Entonces, como decía, pensaba que mantener esa actitud o predisposición todos los días sería o, mejor dicho es, muy difícil. 

Pero acto seguido, ese pensamiento ha sido atropellado por su opuesto:

En realidad, lo difícil es no estar predispuesto a hacerlo sabiendo que vas a hacerlo. 

Lo que hace que todo sea más difícil es hacerlo sin ganas. Hacerlo pensando en lo mal que lo vas a pasar, en que vas a tener que mantener una lucha mental para soportar el frío. 

Pensar en que vas a estar mojado y frío.

Y que tienes que secarte a la intemperie. 

Y que aún es de noche y estarías más a gusto en tu cama. 

Porque todo se vuelve más pesado, difícil, duro cuando lo haces sin ganas.

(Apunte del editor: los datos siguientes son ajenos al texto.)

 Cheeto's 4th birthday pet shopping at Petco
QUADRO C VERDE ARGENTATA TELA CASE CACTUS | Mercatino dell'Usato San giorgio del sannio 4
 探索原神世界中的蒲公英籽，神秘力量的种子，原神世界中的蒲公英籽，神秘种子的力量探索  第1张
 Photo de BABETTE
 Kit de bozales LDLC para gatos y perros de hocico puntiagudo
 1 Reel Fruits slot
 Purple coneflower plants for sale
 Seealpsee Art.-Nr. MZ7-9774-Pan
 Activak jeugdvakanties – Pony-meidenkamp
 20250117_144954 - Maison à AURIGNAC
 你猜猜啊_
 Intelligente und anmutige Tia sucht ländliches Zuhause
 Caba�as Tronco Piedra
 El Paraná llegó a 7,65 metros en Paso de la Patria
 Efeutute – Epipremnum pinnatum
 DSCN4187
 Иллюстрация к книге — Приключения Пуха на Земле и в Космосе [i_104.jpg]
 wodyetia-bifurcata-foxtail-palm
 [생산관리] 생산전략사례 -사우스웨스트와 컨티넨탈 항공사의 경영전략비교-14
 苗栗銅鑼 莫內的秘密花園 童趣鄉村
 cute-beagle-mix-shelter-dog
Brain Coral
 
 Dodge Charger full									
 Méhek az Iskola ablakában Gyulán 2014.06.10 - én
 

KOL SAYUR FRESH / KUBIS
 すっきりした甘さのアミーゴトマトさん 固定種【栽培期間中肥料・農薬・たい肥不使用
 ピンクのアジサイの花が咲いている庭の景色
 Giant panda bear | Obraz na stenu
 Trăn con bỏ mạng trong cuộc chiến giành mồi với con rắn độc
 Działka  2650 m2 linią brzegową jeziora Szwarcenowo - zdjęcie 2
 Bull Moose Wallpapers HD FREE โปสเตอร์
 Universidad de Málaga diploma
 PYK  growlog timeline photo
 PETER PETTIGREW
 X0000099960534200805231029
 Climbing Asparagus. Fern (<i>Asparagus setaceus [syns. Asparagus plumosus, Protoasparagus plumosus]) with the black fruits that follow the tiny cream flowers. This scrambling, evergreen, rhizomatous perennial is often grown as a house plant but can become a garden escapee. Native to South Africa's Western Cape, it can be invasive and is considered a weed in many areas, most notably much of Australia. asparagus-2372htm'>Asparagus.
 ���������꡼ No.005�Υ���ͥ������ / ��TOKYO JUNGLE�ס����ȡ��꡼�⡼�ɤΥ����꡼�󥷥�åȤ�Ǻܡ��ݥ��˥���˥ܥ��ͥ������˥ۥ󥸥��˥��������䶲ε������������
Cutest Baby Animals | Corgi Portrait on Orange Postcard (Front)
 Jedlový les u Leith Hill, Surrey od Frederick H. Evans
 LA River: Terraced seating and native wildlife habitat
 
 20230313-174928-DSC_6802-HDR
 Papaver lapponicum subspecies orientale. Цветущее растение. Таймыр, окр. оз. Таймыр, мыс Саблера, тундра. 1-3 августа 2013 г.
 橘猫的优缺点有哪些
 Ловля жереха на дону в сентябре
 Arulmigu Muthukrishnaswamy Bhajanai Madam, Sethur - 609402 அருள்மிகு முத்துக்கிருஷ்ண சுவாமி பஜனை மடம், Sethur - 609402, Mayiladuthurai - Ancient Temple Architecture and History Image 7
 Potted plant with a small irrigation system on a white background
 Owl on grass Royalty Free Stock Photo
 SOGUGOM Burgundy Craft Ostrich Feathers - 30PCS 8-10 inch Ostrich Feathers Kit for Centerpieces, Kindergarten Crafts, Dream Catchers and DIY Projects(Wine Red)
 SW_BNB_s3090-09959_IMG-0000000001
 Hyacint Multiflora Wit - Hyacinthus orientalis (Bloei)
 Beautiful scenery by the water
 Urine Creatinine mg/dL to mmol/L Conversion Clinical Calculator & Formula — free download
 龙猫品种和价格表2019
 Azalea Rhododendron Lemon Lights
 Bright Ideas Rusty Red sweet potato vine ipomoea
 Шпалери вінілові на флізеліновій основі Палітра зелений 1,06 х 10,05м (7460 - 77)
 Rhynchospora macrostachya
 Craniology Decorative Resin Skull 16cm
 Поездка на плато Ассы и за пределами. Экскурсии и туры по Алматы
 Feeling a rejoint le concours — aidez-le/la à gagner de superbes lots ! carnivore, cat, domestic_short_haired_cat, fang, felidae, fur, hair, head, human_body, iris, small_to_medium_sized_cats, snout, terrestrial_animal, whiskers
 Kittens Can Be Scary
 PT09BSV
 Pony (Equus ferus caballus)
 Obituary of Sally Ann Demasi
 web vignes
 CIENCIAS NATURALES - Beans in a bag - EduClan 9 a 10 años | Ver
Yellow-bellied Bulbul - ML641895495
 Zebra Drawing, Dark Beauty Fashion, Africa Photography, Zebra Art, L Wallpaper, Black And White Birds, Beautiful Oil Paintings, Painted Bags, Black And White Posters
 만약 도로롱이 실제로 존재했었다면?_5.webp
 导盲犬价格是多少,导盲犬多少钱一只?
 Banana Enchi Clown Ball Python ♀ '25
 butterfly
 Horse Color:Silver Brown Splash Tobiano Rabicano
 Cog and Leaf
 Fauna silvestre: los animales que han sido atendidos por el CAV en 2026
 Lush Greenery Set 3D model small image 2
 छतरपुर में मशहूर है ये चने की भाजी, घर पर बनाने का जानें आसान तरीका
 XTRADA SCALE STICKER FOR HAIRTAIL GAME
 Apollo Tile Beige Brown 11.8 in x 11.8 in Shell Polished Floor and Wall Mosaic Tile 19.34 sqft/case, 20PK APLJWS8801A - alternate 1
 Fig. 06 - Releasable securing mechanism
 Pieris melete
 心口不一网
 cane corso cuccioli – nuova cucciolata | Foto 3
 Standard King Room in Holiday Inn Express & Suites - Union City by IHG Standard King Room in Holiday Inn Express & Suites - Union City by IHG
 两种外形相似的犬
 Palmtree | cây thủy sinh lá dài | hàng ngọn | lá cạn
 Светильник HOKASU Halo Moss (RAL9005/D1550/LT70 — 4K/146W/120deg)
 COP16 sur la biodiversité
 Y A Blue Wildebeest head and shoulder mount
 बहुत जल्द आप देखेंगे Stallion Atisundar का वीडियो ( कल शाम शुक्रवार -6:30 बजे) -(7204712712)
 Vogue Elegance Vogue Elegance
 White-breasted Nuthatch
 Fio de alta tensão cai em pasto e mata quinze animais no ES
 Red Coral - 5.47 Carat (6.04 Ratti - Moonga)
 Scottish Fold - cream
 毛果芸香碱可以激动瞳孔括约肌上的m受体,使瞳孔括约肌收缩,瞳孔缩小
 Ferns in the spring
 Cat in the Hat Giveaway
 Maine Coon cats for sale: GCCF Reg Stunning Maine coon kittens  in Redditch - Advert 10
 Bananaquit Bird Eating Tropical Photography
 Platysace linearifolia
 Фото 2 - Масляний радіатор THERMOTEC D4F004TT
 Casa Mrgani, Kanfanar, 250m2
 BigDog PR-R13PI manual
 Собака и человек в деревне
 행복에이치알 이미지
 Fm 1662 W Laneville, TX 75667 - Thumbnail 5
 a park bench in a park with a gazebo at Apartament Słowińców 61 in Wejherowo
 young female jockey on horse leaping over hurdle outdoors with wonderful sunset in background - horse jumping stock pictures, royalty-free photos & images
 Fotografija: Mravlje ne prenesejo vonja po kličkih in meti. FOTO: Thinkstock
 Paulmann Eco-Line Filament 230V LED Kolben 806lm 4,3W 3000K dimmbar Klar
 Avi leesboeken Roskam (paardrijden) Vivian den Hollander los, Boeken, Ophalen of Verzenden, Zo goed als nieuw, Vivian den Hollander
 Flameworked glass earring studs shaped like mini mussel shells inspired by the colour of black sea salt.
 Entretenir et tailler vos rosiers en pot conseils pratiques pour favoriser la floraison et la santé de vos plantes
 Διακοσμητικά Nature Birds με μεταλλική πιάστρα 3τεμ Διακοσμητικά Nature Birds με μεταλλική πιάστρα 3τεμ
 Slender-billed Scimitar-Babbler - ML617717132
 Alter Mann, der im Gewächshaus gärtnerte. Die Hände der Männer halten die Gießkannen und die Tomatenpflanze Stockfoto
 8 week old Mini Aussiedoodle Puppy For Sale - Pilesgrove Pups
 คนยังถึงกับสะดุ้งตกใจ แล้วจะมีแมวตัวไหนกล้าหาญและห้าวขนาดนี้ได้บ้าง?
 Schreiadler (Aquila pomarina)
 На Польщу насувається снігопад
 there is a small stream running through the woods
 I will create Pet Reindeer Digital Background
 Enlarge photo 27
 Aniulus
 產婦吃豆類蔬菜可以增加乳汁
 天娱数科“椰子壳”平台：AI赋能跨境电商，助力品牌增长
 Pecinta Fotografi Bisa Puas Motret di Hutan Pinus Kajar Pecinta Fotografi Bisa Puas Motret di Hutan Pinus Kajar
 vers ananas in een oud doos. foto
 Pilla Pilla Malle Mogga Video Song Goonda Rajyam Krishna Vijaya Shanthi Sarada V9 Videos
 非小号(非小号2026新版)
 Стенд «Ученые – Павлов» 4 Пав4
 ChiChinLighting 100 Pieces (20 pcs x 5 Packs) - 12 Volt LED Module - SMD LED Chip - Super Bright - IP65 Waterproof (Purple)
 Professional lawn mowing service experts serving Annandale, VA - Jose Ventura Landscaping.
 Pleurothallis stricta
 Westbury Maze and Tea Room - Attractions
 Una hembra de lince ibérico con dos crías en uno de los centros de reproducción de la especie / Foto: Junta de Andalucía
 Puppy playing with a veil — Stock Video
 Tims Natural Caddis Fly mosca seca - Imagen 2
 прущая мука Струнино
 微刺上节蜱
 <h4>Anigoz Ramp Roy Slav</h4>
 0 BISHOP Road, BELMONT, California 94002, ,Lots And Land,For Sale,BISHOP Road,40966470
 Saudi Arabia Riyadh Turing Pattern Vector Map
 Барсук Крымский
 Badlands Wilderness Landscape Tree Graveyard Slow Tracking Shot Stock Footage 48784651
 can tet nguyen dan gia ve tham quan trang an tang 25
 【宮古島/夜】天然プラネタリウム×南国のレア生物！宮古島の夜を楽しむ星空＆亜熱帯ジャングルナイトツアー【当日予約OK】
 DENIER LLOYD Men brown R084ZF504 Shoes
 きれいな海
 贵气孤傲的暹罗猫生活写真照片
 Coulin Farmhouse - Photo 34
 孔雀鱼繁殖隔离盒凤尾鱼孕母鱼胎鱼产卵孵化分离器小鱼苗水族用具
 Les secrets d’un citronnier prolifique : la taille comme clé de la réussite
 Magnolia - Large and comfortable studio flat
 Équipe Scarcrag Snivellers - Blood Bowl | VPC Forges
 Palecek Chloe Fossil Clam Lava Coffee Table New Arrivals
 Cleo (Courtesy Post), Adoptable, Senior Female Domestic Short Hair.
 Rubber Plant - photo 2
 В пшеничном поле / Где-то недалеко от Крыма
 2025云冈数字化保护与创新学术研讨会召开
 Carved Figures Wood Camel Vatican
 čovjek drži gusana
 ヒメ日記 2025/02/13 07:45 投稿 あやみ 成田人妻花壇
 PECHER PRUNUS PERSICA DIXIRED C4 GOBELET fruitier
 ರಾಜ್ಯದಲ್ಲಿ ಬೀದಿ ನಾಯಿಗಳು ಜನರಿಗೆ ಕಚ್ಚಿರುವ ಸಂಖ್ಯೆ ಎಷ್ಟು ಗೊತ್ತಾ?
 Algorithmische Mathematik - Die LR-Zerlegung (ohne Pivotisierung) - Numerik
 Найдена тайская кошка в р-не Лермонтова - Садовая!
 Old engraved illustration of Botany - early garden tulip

Cuando te lo tomas como una obligación. Como si no viniera de ti mismo.

Lo fácil es hacerlo cuando tienes ganas de hacerlo. Cuando te sientes fuerte. Cuando vas concienciado. Eso es lo fácil.

Y así con todo:

  • El entrenamiento.
  • La dieta.
  • El trabajo.
  • Los niños.
  • Las responsabilidades.

El quid de la cuestión está en cambiar el paradigma con el que miramos nuestras “obligaciones” autoimpuestas:

Aceptar voluntariamente nuestros objetivos y obligaciones. Aceptar voluntariamente las responsabilidades de las que nos tenemos que responsabilizar.

No digas  “tengo que…”. Porque parece una imposición externa. Y a nadie le gusta que le digan lo que tiene que hacer. A nadie le gusta verse obligado a hacer algo.

Todos queremos decidir qué hacer. Por eso, adelántate a ti mismo, a tu mente. Y si sabes que vas a tener que hacer algo, hazlo. Pero tomando tú la decisión de hacerlo, en vez de sentirte obligado a hacerlo.

Poco más que decir al respecto.

En relación a todo ésto. Si entre tus intenciones u objetivos para este año o el próximo está el ponerte en forma.

Si ya lo has intentado otras veces y no lo has conseguido.

Si entrenas todas las semanas pero no terminas de conseguir los resultados que estás esperando.

Déjame decirte que es bastante más fácil de lo que la gente se propone. Que quizá algo estás haciendo mal. Pero eso no significa que sea difícil.

Lo difícil era tomar acción. Empezar era lo difícil. Tener la mente predispuesta a lograrlo es lo difícil. 

Si ya tienes las ganas, la mentalidad, la intención de lograrlo.

Si ya has empezado. Ya solo te queda lo fácil.